著者が持論と比較するのは、動物倫理の議論で訴えられてきた3つの主要な考え方だ。それはまず類人猿やその他の一部の生物の保護のために法律家などによって採用されてきた「ヒトに近い種はパーソンとしての法的権利が認められる」という考え方、次にピーター・シンガーが代表する功利主義的主張、そして最後にクリスティン・コースガードが主張するカント的な「目的の王国」の拡張。
パーソン論はおもに現実の法をもとに権利拡張を目指す法律家によって採用されているもので、哲学的な立場というよは現実的な戦略であり、それを哲学的な立場から否定するのはフェアではないと著者は認めつつ、それが結局ヒトを特権的な立場にあることを前提としてヒトに近い性質を持った一部の動物だけしか保護しないことを批判する。

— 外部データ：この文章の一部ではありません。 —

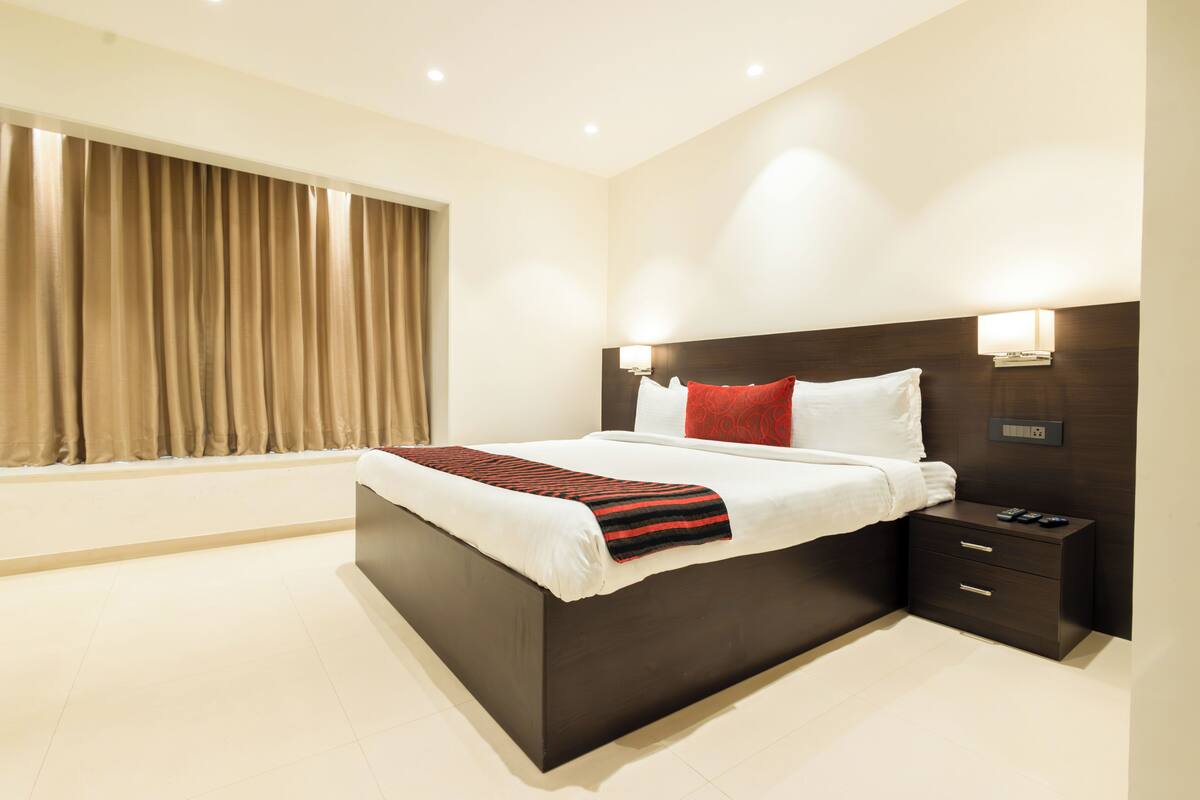 A modern hotel room with a large bed, a nightstand, and a window with curtains.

逆にシンガーら功利主義者は、すべての種に平等に適用できる基準を求めた結果、「苦楽」という単純な指標を生み出したが、それはさまざまな種がそれぞれ独自の可能性や価値を持つことを軽視している。種に関わらずすべての個を手段ではなく目的として扱うべきであるというコーストガードの主張について、著者は個々の動物の尊厳を尊重しているとして高く評価すると同時に、彼女の議論がヒトの倫理的な特異性というカント由来の不必要な要素を含んでいることを批判する。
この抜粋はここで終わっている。